=== Begin Enclosure ===
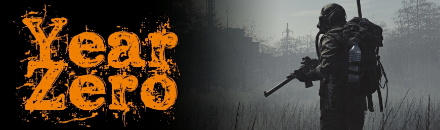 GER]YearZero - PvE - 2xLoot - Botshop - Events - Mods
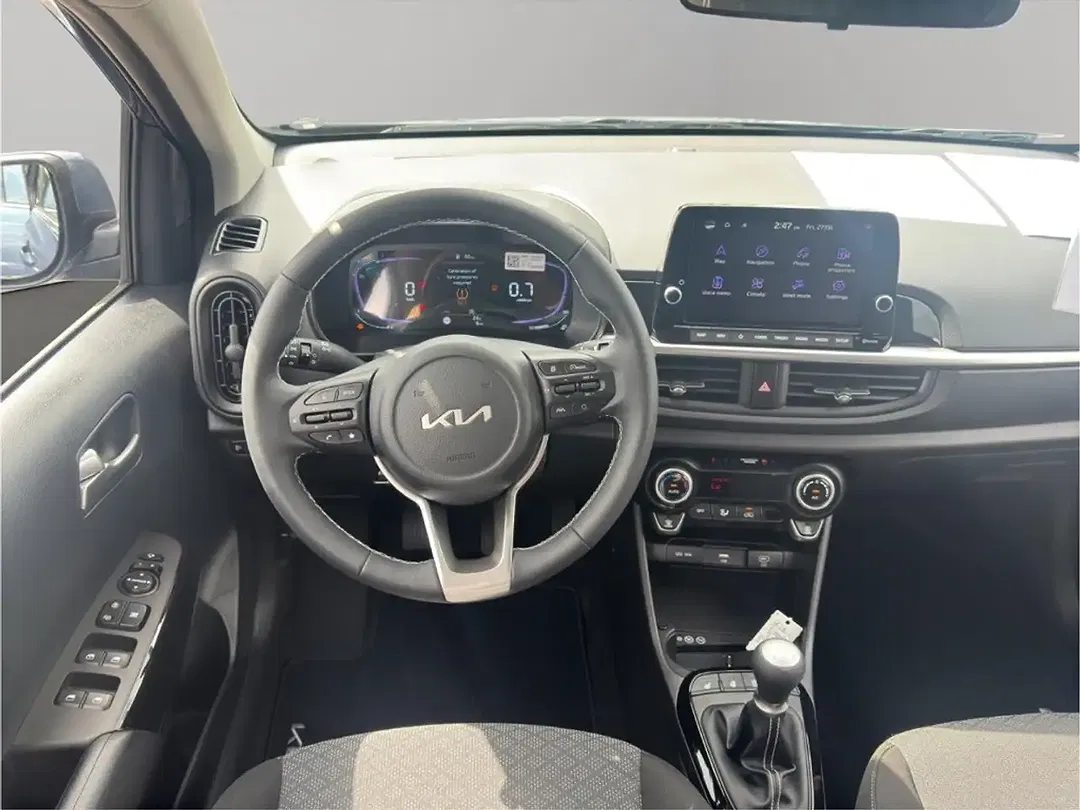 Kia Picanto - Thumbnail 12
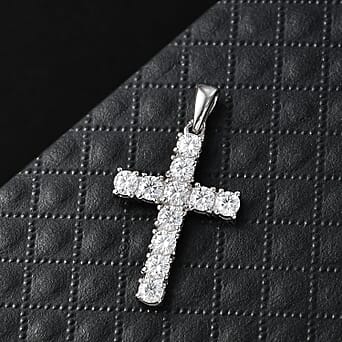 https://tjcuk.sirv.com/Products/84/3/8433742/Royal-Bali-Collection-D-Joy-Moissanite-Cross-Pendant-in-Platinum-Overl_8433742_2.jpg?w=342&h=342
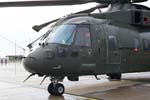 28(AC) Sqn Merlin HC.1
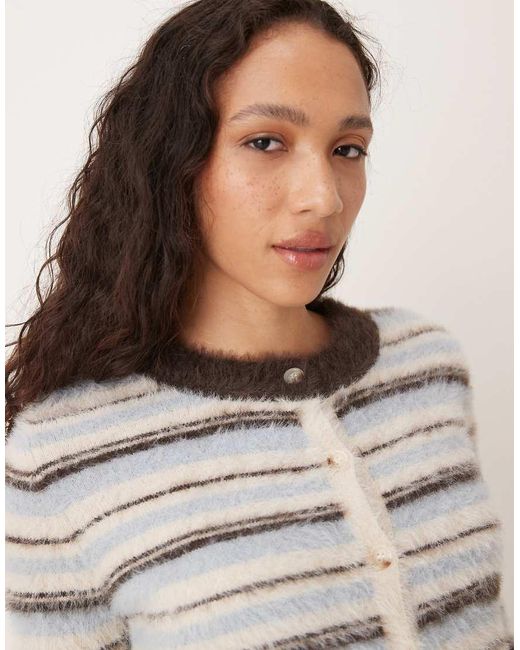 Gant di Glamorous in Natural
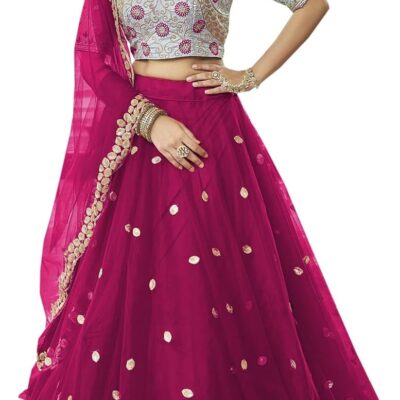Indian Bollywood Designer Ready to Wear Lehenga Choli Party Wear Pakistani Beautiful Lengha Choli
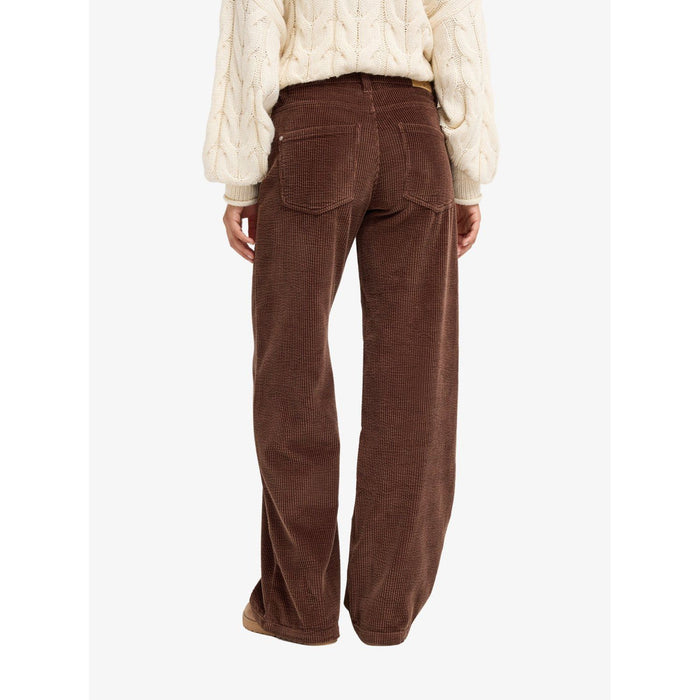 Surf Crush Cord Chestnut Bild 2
=== End Enclosure ===
» The task
Both the line containing "Indian Bollywood Designer" and the last line of the listing above belong in the copy, along with every line between them; retype them exactly and omit the pictures.

» Exercise answer
Indian Bollywood Designer Ready to Wear Lehenga Choli Party Wear Pakistani Beautiful Lengha Choli
 Surf Crush Cord Chestnut Bild 2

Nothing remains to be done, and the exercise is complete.